Wang Xiaohui, executive deputy director of the Central Propaganda Department and director of the National Film Bureau, spoke about the country’s cinematic aims at a nationwide industry symposium in Beijing the other day attended by Government officials, film scholars, film company reps and industry associations.
Wang was named the head of China’s film bureau last May, following a major government restructuring, and has grown concerned that the international influence of Chinese film still has a long way to go from being the “big film power” it is now to becoming a “strong film power” like Hollywood.
American films took in about $2.8 billion U.S. dollars in the Chinese market last year, but Chinese films in the U.S. market made only a few tens of millions total. Wang wants to re-balance those scales a bit and has called for the production of one hundred movies a year that each earn more than $15 million US dollars locally. He also indicated that quality is an issue as he says: “our ability to tell stories lags far behind Hollywood and Bollywood.”
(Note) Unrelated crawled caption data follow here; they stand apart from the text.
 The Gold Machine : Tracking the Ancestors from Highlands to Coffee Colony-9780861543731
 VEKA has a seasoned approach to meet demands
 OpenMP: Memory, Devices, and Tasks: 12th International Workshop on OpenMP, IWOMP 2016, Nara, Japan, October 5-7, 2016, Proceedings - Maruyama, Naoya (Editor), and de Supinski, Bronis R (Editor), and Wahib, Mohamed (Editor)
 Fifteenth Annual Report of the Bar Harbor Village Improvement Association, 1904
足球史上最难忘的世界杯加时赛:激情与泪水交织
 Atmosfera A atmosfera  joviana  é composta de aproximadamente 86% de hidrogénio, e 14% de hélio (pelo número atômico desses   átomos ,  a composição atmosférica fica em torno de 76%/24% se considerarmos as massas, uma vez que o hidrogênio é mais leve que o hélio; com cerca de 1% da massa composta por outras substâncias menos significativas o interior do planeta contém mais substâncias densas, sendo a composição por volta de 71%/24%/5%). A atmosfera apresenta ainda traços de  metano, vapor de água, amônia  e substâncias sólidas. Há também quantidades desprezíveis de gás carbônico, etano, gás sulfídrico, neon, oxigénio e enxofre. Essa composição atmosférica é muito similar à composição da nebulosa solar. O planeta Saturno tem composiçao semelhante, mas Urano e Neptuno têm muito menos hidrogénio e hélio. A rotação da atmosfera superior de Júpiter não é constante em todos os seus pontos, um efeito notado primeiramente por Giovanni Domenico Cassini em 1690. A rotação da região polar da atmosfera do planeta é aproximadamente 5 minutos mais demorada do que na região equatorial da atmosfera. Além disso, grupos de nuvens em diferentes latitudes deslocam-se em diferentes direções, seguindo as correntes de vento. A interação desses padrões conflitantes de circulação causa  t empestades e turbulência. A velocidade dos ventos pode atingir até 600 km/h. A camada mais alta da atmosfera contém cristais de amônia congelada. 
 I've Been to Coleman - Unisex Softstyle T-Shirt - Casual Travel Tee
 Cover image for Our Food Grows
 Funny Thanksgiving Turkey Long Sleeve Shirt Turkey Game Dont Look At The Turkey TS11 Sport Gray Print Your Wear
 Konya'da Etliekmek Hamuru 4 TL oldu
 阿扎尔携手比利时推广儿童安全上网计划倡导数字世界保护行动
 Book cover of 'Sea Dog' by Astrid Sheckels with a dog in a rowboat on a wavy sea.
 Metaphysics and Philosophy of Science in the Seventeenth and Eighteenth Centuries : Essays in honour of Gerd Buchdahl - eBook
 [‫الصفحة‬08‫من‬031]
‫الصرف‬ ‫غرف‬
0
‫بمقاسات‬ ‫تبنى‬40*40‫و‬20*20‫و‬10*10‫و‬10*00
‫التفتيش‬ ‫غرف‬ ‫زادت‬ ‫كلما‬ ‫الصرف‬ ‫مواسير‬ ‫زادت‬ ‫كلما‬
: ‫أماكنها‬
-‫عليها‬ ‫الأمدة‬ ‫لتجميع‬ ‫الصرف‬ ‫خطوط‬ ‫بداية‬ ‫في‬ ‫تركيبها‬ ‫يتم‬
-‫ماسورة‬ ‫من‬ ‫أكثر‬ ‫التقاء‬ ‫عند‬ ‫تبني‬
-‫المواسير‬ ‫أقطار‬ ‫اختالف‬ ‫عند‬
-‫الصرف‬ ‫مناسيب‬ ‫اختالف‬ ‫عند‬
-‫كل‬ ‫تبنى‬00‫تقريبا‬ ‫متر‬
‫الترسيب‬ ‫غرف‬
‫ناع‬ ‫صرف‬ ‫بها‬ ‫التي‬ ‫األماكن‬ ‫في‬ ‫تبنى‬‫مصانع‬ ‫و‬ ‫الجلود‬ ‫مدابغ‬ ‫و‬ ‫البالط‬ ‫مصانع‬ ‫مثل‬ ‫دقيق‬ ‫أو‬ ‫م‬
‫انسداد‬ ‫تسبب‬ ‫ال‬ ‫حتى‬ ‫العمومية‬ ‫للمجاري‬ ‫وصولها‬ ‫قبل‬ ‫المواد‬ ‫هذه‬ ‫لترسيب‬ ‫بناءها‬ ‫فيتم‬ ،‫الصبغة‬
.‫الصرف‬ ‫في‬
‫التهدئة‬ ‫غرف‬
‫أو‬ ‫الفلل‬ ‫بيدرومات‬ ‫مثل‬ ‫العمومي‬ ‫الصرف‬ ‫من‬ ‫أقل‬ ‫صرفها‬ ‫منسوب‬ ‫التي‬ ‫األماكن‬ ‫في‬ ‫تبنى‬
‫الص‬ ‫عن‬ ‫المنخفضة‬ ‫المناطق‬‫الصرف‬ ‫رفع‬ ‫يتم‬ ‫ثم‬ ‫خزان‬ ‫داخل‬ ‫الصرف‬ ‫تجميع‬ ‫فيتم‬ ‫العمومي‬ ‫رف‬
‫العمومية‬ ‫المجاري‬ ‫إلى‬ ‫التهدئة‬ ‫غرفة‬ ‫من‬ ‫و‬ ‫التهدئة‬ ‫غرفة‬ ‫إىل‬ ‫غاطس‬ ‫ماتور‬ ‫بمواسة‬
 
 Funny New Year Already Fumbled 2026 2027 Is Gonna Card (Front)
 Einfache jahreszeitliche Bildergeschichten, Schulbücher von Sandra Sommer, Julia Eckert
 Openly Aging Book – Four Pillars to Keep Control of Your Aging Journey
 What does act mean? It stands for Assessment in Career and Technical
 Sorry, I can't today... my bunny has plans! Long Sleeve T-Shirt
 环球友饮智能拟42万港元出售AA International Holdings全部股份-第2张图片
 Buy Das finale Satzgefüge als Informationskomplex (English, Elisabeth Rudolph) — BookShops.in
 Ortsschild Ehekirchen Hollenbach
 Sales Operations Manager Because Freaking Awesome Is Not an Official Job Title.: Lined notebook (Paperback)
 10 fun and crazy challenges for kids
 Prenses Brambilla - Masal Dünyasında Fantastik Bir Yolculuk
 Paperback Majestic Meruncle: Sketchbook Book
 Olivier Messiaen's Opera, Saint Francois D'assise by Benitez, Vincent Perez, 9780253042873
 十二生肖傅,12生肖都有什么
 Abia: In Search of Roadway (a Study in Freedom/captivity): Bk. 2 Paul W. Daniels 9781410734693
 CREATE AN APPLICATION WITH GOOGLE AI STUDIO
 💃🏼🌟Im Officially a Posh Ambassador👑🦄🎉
Chinese films accounted for a record 62% of their total local box office, however the results are skewed – only 2% of Chinese theatrical releases brought in 53% of the entire total. At the same time 300 out of the 400 movies shown last year in Chinese cinemas brought in less than $150,000 US dollars – hundreds more never made it to cinemas.
Wang reportedly says the 100 films in the target he discussed should be “about realistic topics,” must “equally generate social impact and financial profits,” and have patriotic plots that celebrate the “Chinese dream of the great rejuvenation of the Chinese nation”. In addition “filmmakers must have a clear ideological bottom line and cannot challenge the political system”.
The comments come as the country has raised eyebrows internationally recently with the announcement that they will release Oscar contender “Bohemian Rhapsody” in a limited run in China, but at least one minute of cuts will be made to the film to remove portrayals of drug use and male kissing which is in line with Beijing’s repressive stance on content featuring gay characters.
China is also getting over recent scandals involving high-profile actors that resulted in cancellations of releases, the most high profile being the Fan Bingbing tax-evasion case. As a result, a national film industry ethics committee is being set up.
China’s sci-fi epic “The Wandering Earth” has grossed a massive $655 million at the worldwide box-office since its release a month ago.